[Captioned web images]
──────────

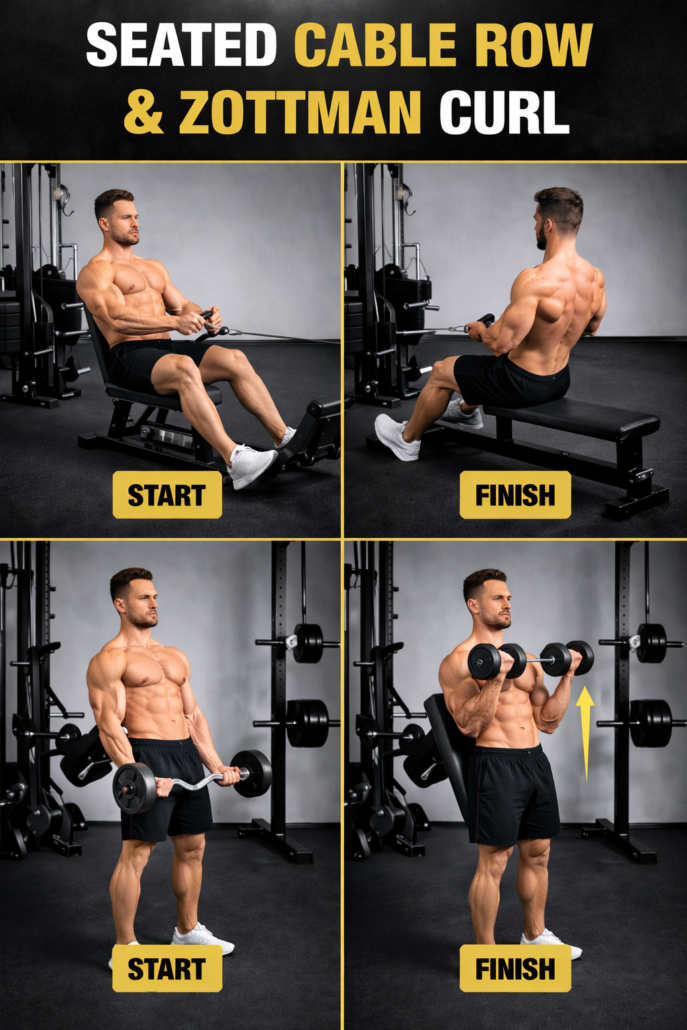 Seated Cable Row and Zottman Curl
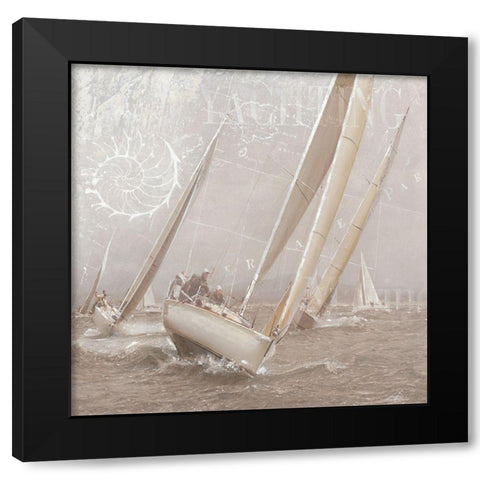 Sailboat Races II Black Modern Wood Framed Art Print with Double Matting by Unknown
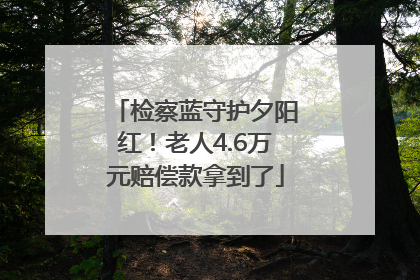 检察蓝守护夕阳红！老人4.6万元赔偿款拿到了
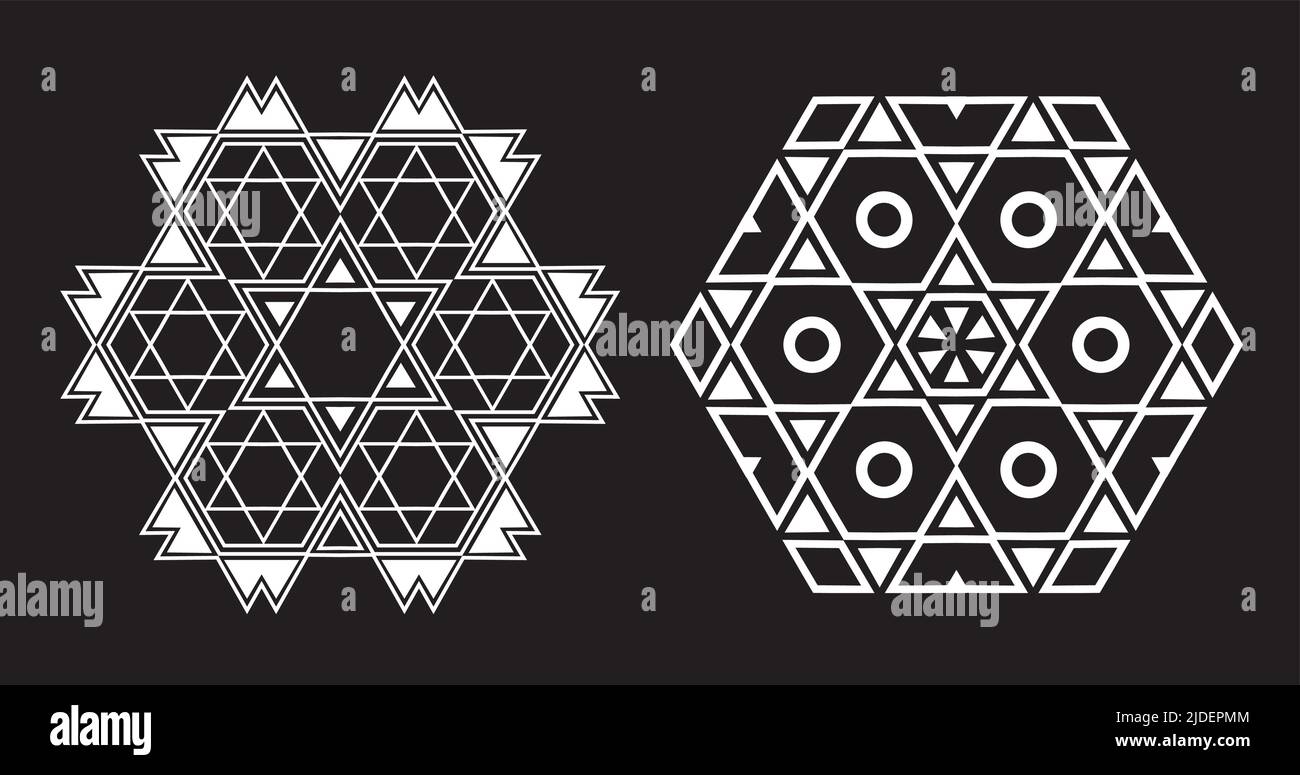 Ethnique Fractal Mandala Vector ressemble à Snowflake ou Maya Aztec motif ou fleur Illustration de Vecteur
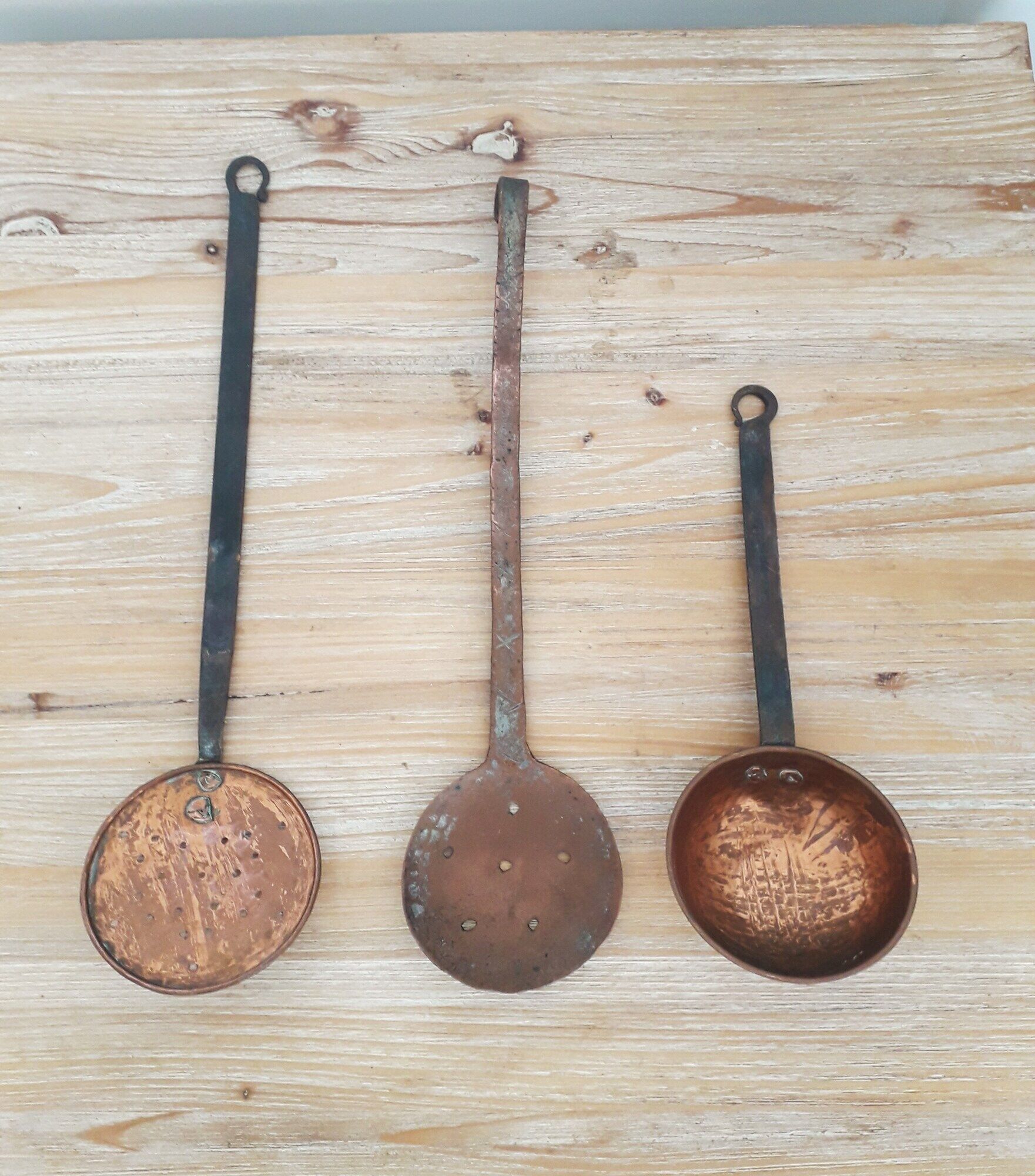 Old copper kitchen utensils - Skimmers x 3 - 1920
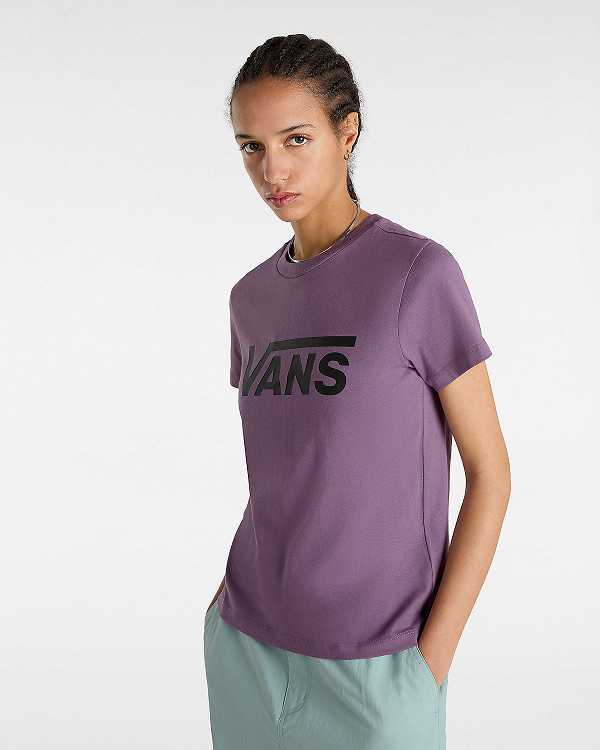 Purple Women Vans Flying V Crew T Shirts NZ | VN1508396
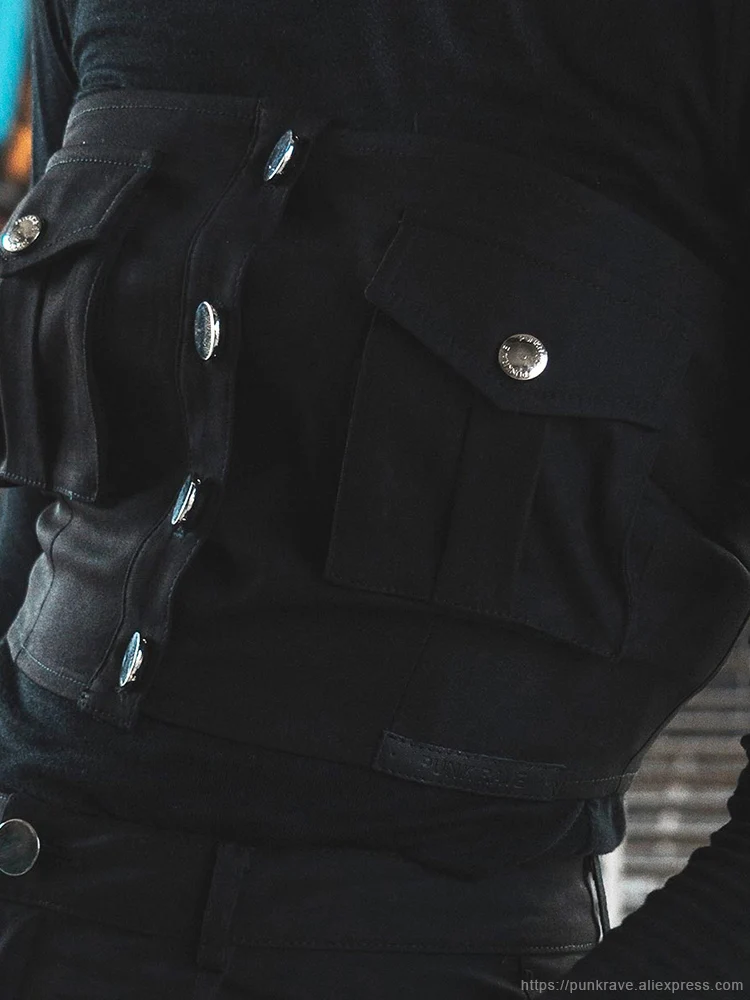 Женский корсет топ черный однобортный в стиле панк для девушек повседневного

──────────

» **TASK STATEMENT**: The answer must be an exact copy of the lines above, from the start of the records through the line with "Old copper kitchen", and of nothing else; no pictures belong in it.

» **RESPONSE TO THIS EXERCISE**:
 Seated Cable Row and Zottman Curl
 Sailboat Races II Black Modern Wood Framed Art Print with Double Matting by Unknown
 检察蓝守护夕阳红！老人4.6万元赔偿款拿到了
 Ethnique Fractal Mandala Vector ressemble à Snowflake ou Maya Aztec motif ou fleur Illustration de Vecteur
 Old copper kitchen utensils - Skimmers x 3 - 1920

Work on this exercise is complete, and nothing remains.